The gloves were made using the Toddler Mittens on a String pattern, except I ditched the double pointers and just knit them flat then added the thumbs. I do not like double pointers. I do like i-cords, however, so they were dug out for that part. I used washable Aran yarn for both accessories - originally I'd planned to do them in the same yarn as the cardigan but I didn't have enough left of any one colour to make this set, so I used some of Aldi's finest. It was lovely to work with despite the low cost and I'm not snobbish about yarn anyway.
The dino toy was purchased to go with the dress, so he had to have a matching scarf made. All it took was cutting a strip of remaining t-shirt fabric, winding it round his neck a couple of times and sewing it in place. The jeans were bought in Sainsburys (Tesco? I've forgotten already.) and the Converse I found secondhand but looking brand new. I love that everything together creates a variety of looks, and I might be planning to repeat this gift idea in the future...
Jenny at The Geeky Knitter organised a great swap this year. I really wanted to join in with Janet's again but knew I'd only have time for one, so this was the winner. My giftee was Philippa and she specified that she liked dinosaurs and Wonder Woman so off I went to look for some fun crafts to make up. I also added a few other bits and pieces - Scottish delicacies including shortbread and whisky fudge, some bath stuff and festive candles.
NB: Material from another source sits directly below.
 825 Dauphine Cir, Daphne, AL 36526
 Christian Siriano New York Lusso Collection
I also made my first washcloth, with a dinosaur design of course. I love how quick and simple it was to knit up and I got to use some random DK cotton yarn I had in my stash. Plus, the pattern name is awesome - T-riffic Washcloth, haha!
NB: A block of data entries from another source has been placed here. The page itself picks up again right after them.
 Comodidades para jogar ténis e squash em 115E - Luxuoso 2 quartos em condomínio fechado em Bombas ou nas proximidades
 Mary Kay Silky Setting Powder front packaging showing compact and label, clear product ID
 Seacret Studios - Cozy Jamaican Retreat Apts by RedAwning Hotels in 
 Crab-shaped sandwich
fingerless gloves were exactly what I was looking for and I like that they're practical without being too obviously branded. They're made with DK yarn and knit up flat before the thumb sections are made in the round. I have a tendency to cast off quite tightly and I had to do the thumb part twice because they were cutting off circulation the first time around, but the second attempt went more smoothly and they fit much better after that. Hopefully they'll get a bit of use when the freezing weather goes away.
Tam might do different crafts from me, but he's still good at knowing when something is...well, a bit shit, so I feel the need to up my game slightly when I'm making for him. The print was something I wasn't feeling too confident about. Anything involving paints and mistakes that can't be corrected has a definite capacity for going wrong when I'm around. I used (Tam's) watercolours and, after the paint dried, dug out my letter stamps and printed on the names of everywhere we went this year. I knew I'd forget a few though and sure enough, Tam thought of at least three locations missing from it, but at least I got through it without making any spelling mistakes! I'd recommend starting with the longest place names and working your way down to the shortest, thus ensuring you have space for them all.
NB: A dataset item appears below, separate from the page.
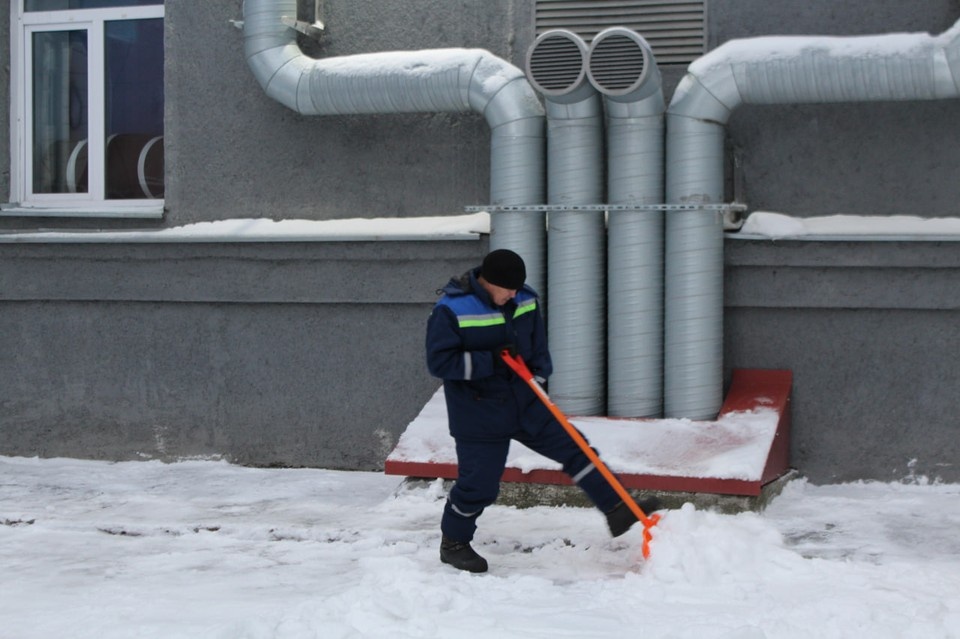    С одной рукой Роман справляется с работой, которая иногда тяжела даже для здоровых людей. Дарья СИДОРЕНКО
Grim Reaper and Cthulhu. The pattern, like the others, is from the Creepy Cute Crochet book and I just discovered that the author has published some extra patterns on her blog that didn't make it into the book, so it's gonna take even longer to complete the collection now! Maybe I should set myself a goal of making one a month this year...
Tam's one request when I asked about Christmas presents was a pair of knitted socks. I had no excuses not to make them since I got a whole set of sock needles for my birthday, so I went to work. I'm fairly certain they took almost as long to make as the sweater did, or at least it felt like it. Double pointed needles feel so stop-start to me, which is definitely not my preferred way of working, but I did quite like the rhythm in the end, and they weren't in the slightest bit complicated to make. I used the Basic Ribbed Sock pattern and the instructions were super clear. Since it was my first pair, I went for some cheap yarn from Tiger, of all places, although I have a couple of skeins in my stash in more girly colours that I want to get around to using soon.
Crafts for creatives
So, more gifts for creative people. I kept things simple when I was making these bits and pieces, since I wanted to make something practical but pretty, something that a fellow crafter would be happy to use. I had some fabric squares and ribbon offcuts in my sewing bag, along with a packet of festive potpourri that I picked up in a charity shop in the summer, so these wee scented sachets were a quick make. I sewed the squares corner to corner (like folding one of those paper games in school) and left part of one side unsewn so I could turn the fabric right side out and fill them, before hand sewing them closed. The floral one was my practice go, so I also got one for myself!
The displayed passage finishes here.